According to the Bradford Hill criteria, causal associations should have a plausible mechanistic explanation. In real-world evidence, we often see associations that are not biologically plausible, which is a strong indication that the association is not causal. For example, consider the following example from the ICU: elevated creatinine levels indicate acute kidney injury (AKI), which would be expected to be linked to increased mortality. But in real-world evidence, elevated creatinine levels are associated with decreased mortality. Applying the inverse Bradford Hill criteria, this association is not biologically plausible, and therefore not likely to be causal. Prompted by this finding of non-causal association, we may look for confounding factors in treatment decisions that explain this non-causal association (in fact, ICU patients with AKI are more likely to be given dialysis and/or renal replacement therapy, which is associated with improved mortality). Importantly, because this association is not causal, it can likely be fixed by improving the real-world system of healthcare.
According to the Bradford Hill criteria, the association should be compatible with existing theory and knowledge. With the rise of foundation models such as large language models (LLMs), we can now check this criterion automatically. For example, we can check the above example of AKI and mortality by asking an LLM whether the graph of mortality vs creatinine makes sense in light of the LLM’s prior knowledge.
The package TalkToEBM makes this simple:
gpt4 = guidance.llms.OpenAI("gpt-4")
ebm = ExplainableBoostingClassifier(feature_names=feature_names)
graph_desc = t2ebm.llm_describe_ebm_graph(gpt4, ebm, 0) # 0 is the feature index
The output of TalkToEBM on the creatinine example is:
Complications of Causality in Practice: Do We Really Want Causal Models?
In practice, we often want models that are not causal. Consider sepsis prediction, in which we’d like to build a system to alert clinicians when patients are at high risk of developing sepsis, so that they could be treated. The most accurate predictive models contain variables such as prior antibiotic usage which are influenced by the clinician’s concern about sepsis risk. This is not a biologically causal variable, but it is a useful variable for predicting sepsis risk.
In this case, we may want to build a model that is not causal, but is instead a good predictor of sepsis risk. Such a predictive model may not be good for making decisions about sepsis treatment (e.g., for many patients, antibiotic prescription may be a large contribution to the predicted risk of sepsis, intervening by taking away antibiotics would be exactly the wrong action but could be recommended by derivative-based analyses of the predictive model). On the other hand, building a causal model of sepsis may not produce accurate predictions of sepsis risk, and therefore may not be useful for alerting clinicians to patients at high risk of sepsis.
It’s critical to carefully describe the exact use case of the model we are designing — biologically causal models may not be the most useful model.

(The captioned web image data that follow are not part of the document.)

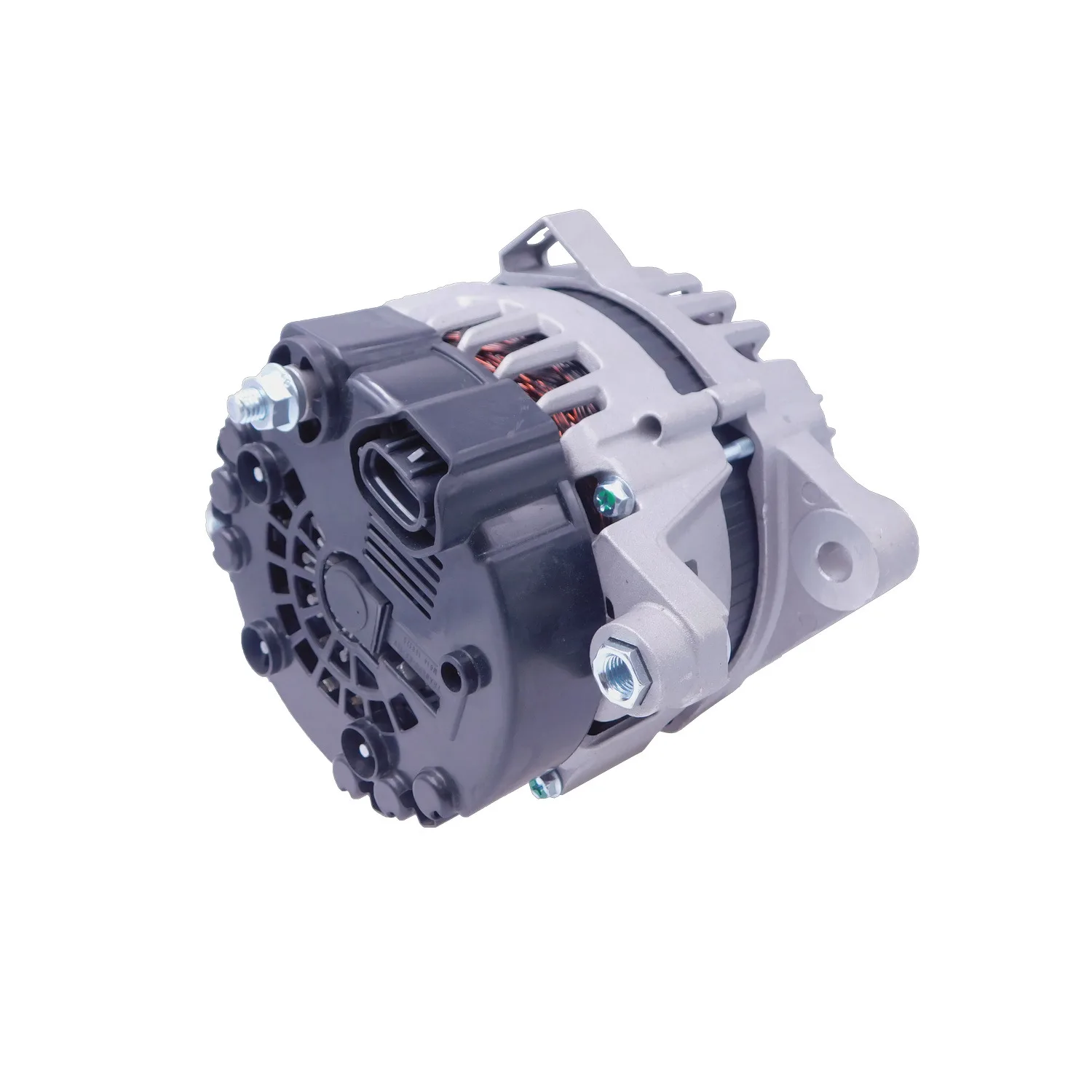 11607N WAI - 1.ALTERNATOR — zdjęcie 13 z 13
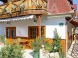 Apartmány Kaktusz Villa  51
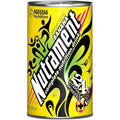 Nutrament Banana Complete Nutritional Beverage 12 Fluid Ounce Can -- 12 per case.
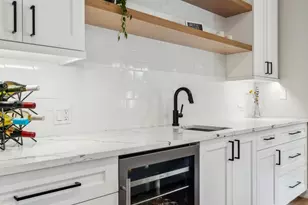 1545 W Diversey Pkwy, Chicago, IL 60614 - Photo 11
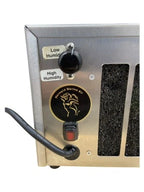 Dehumidifier for Marine Applications - Model DP-1 (110V / 60Hz)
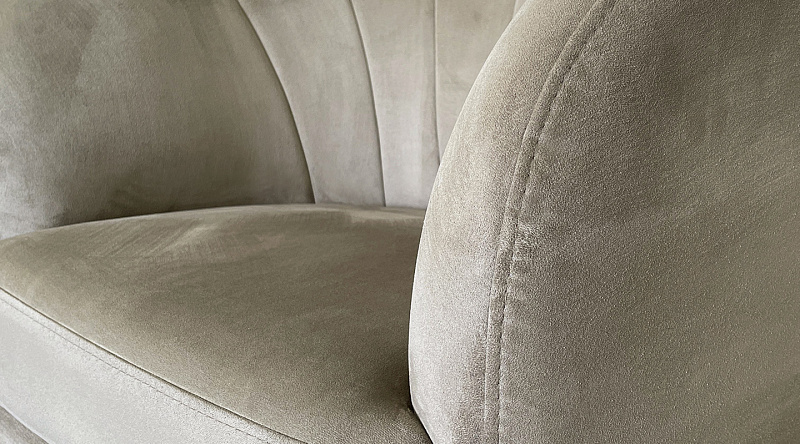 Кресло Рочестер, рис.6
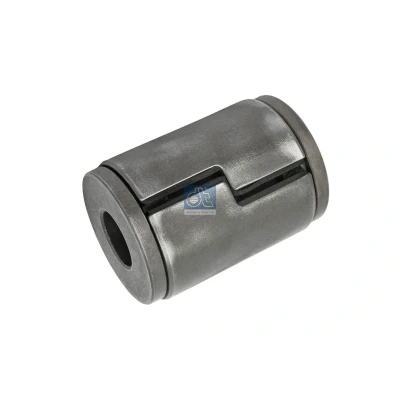 Afbeelding van DT Spare Parts 5.13145 Bus, veeroog DAF: CF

Causal inference is a powerful tool for understanding the world, but it is not a panacea, especially in observational data. In this post, we’ve discussed the Bradford Hill criteria, which are a set of rules for determining whether an association is likely to be causal.
In practice, it can be more productive to use the inverse Bradford Hill criteria to determine an association is likely to be non-causal. When an association is non-causal, it may be due to confounding, spurious associations, artifacts of real-world evidence, or opportunities to improve real-world systems. We’ve discussed several examples of non-causal associations, and how they can be used to improve real-world systems like creatinine monitoring in the ICU. Finally, we’ve discussed the complications of causality in practice, and how causal models may not be the best models for many real-world use cases.